Give back exactly the lines from the one that holds "United Colors of Benetton / Футболка" through the final line of the data; omit the pictures and add nothing.

#### Data section
-- -- --

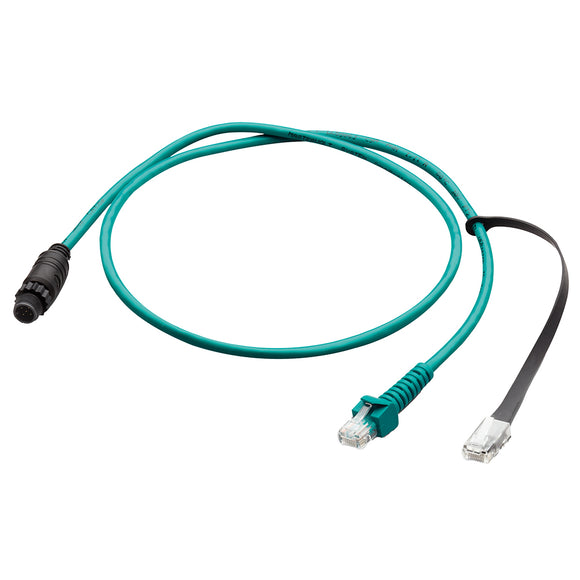 Mastervolt CZone Drop Cable - 1M [77060100]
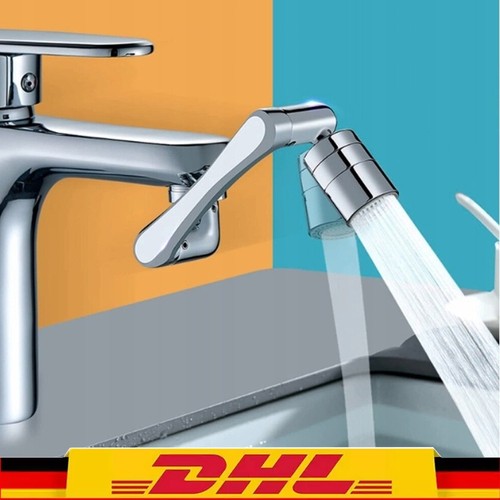 1080 universal drehbar - universal,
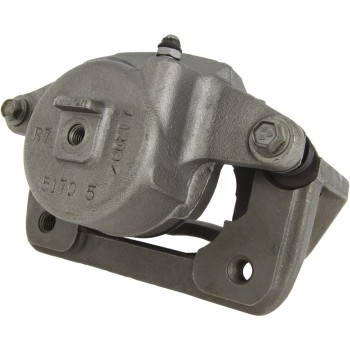 Disc Brake Caliper
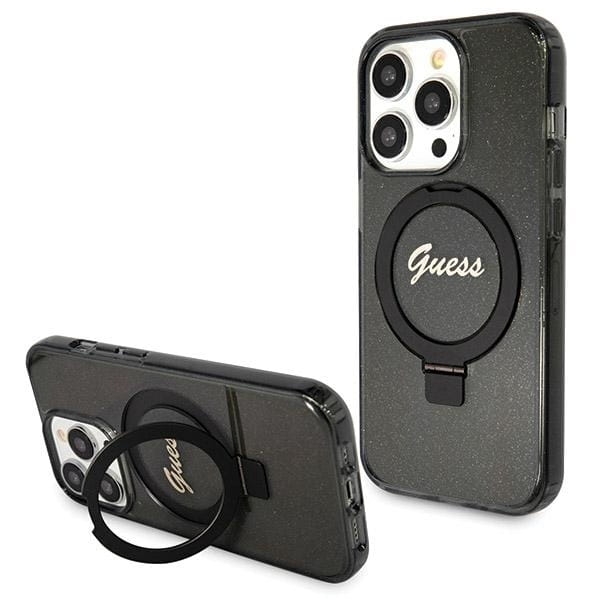 Guess iPhone 14 Pro
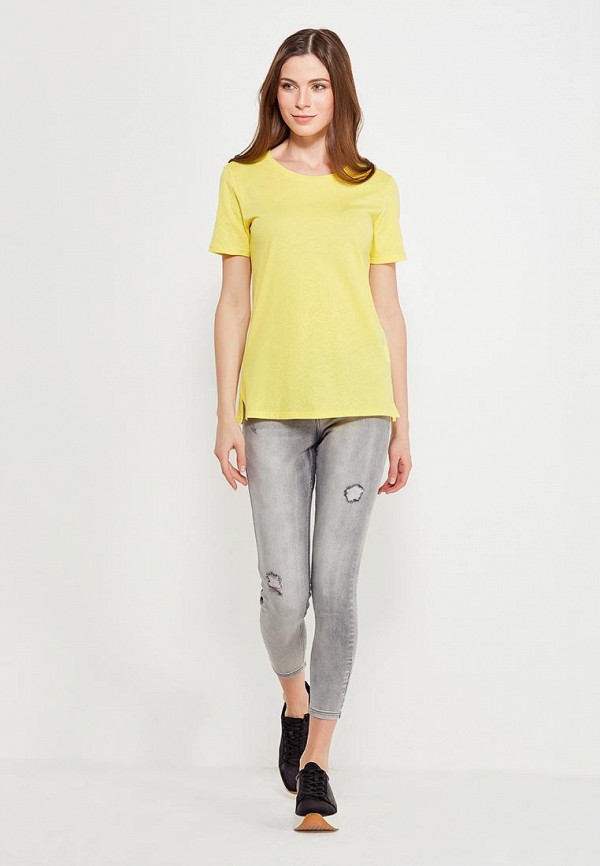 United Colors of Benetton / Футболка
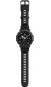 Смарт-годинник Amazfit T-Rex 3 Pro 48mm W2444OV1N Tactical Black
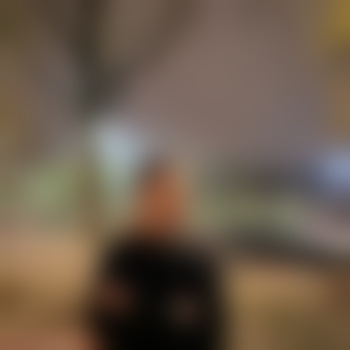m0skvich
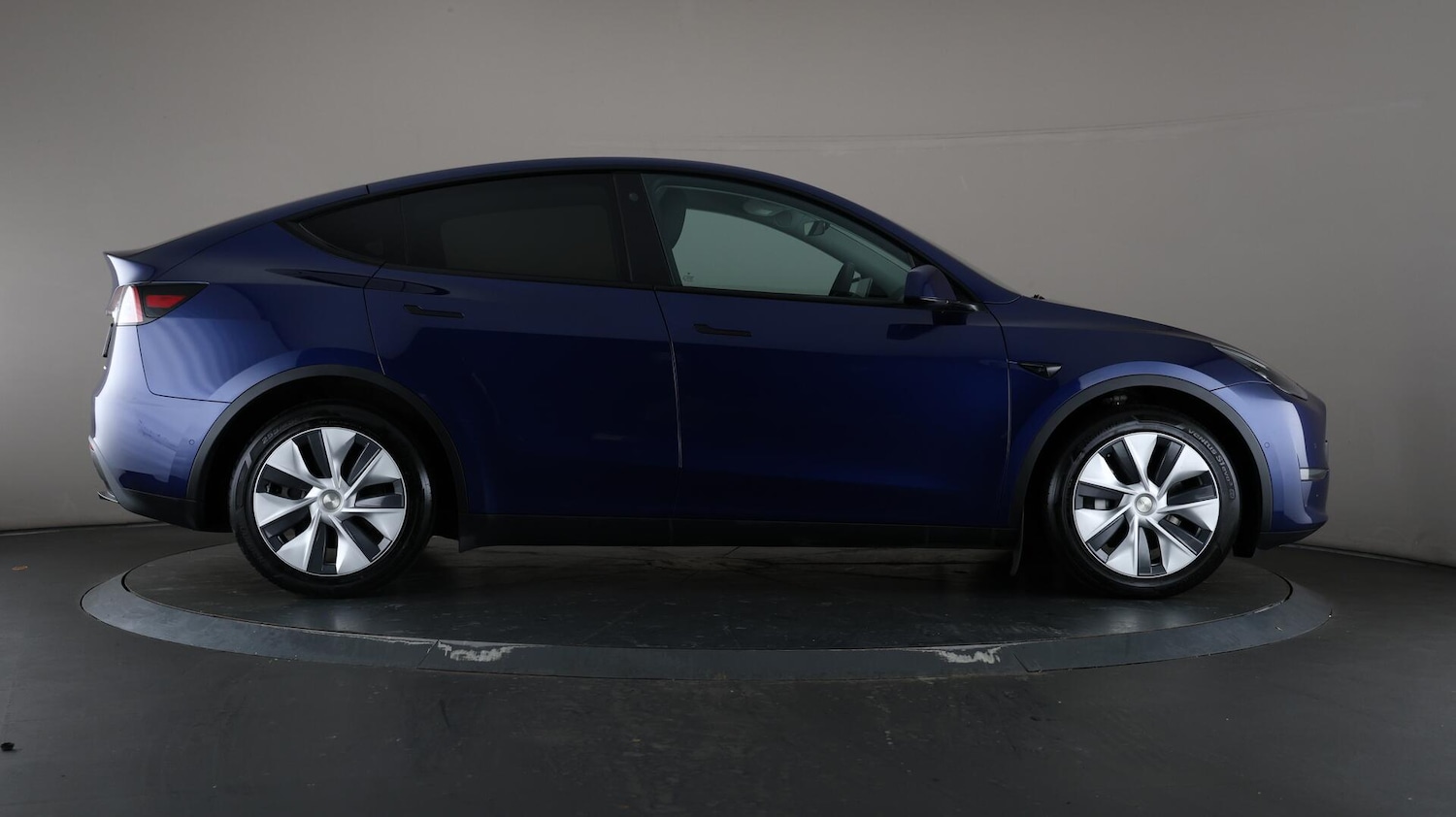 Used Tesla Model Y 2022 for sale - 76122303: Photo 69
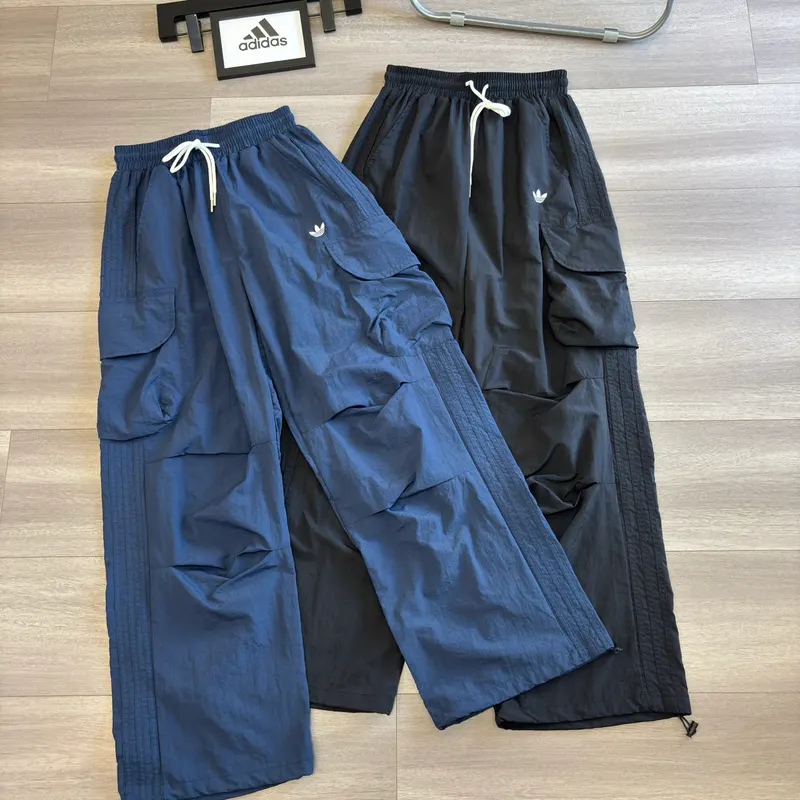 SKU97998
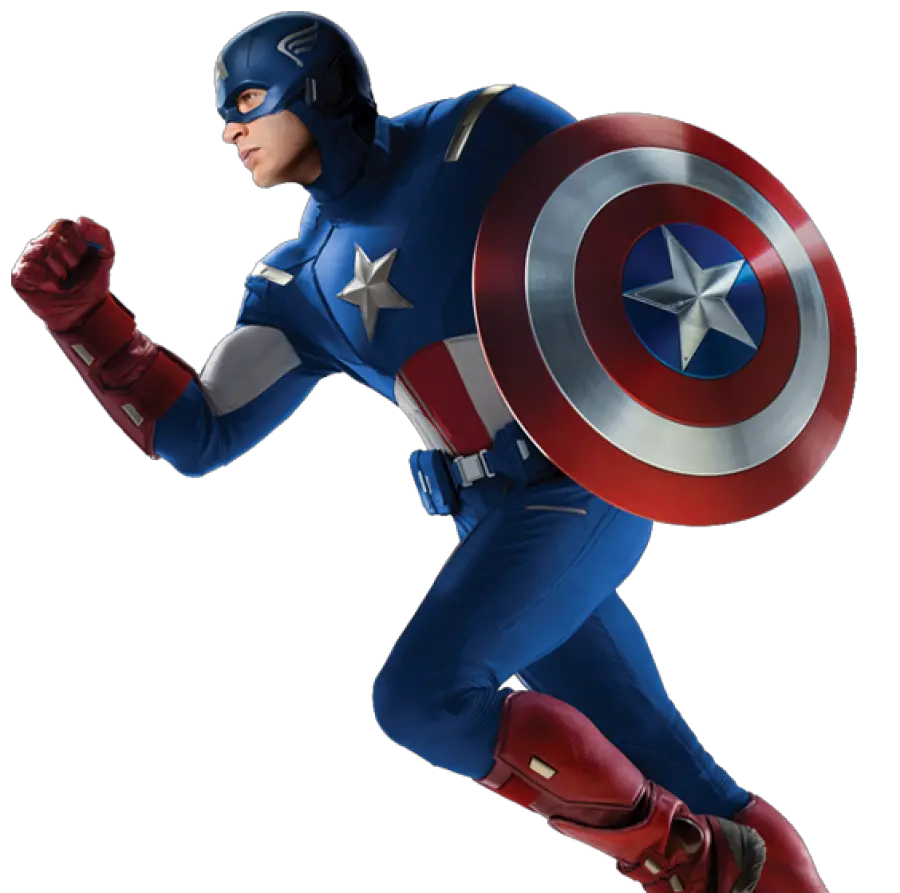  Download Rogers The Avengers Png Image Captain America Avengers Transparent Avengers Png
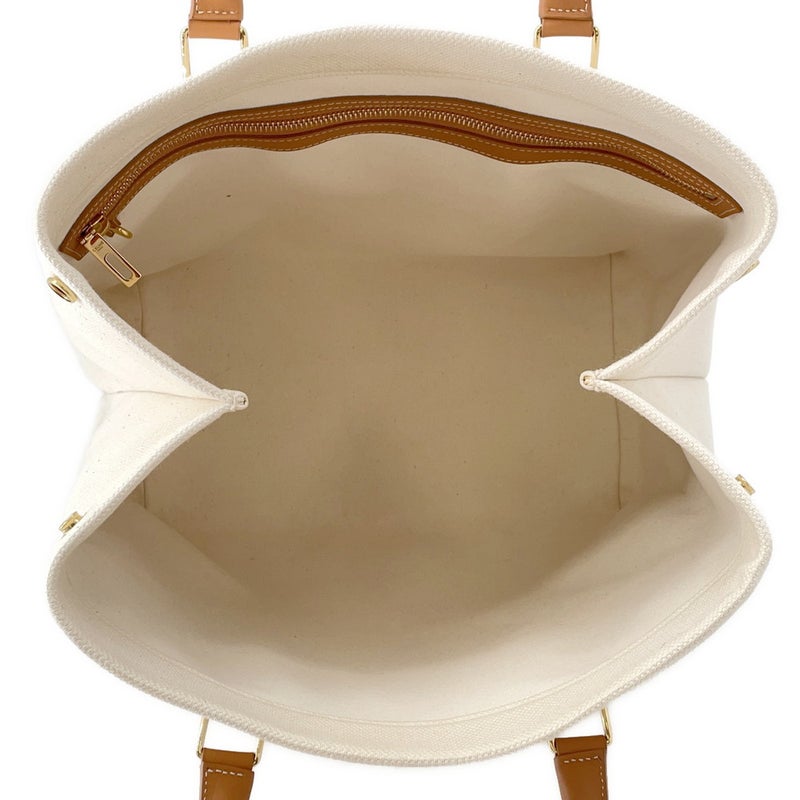 セリーヌ トートバッグ ホリゾンタルカバ 192162BNZ.02NT CELINE バッグ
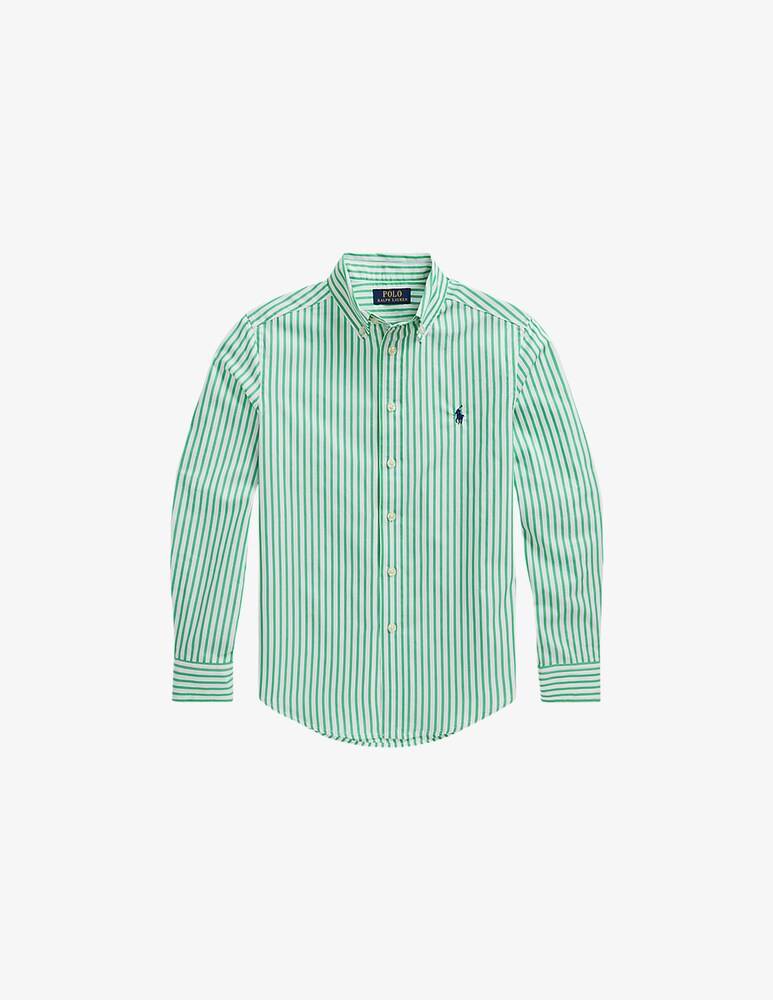 Polo Ralph Lauren Camicia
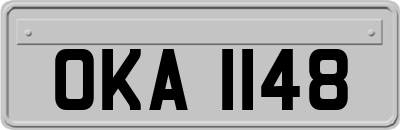OKA1148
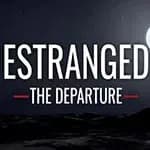 Estranged: The Departure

-- -- --

#### Exercise answer
 United Colors of Benetton / Футболка
 Смарт-годинник Amazfit T-Rex 3 Pro 48mm W2444OV1N Tactical Black
m0skvich
 Used Tesla Model Y 2022 for sale - 76122303: Photo 69
 SKU97998
  Download Rogers The Avengers Png Image Captain America Avengers Transparent Avengers Png
 セリーヌ トートバッグ ホリゾンタルカバ 192162BNZ.02NT CELINE バッグ
 Polo Ralph Lauren Camicia
OKA1148
 Estranged: The Departure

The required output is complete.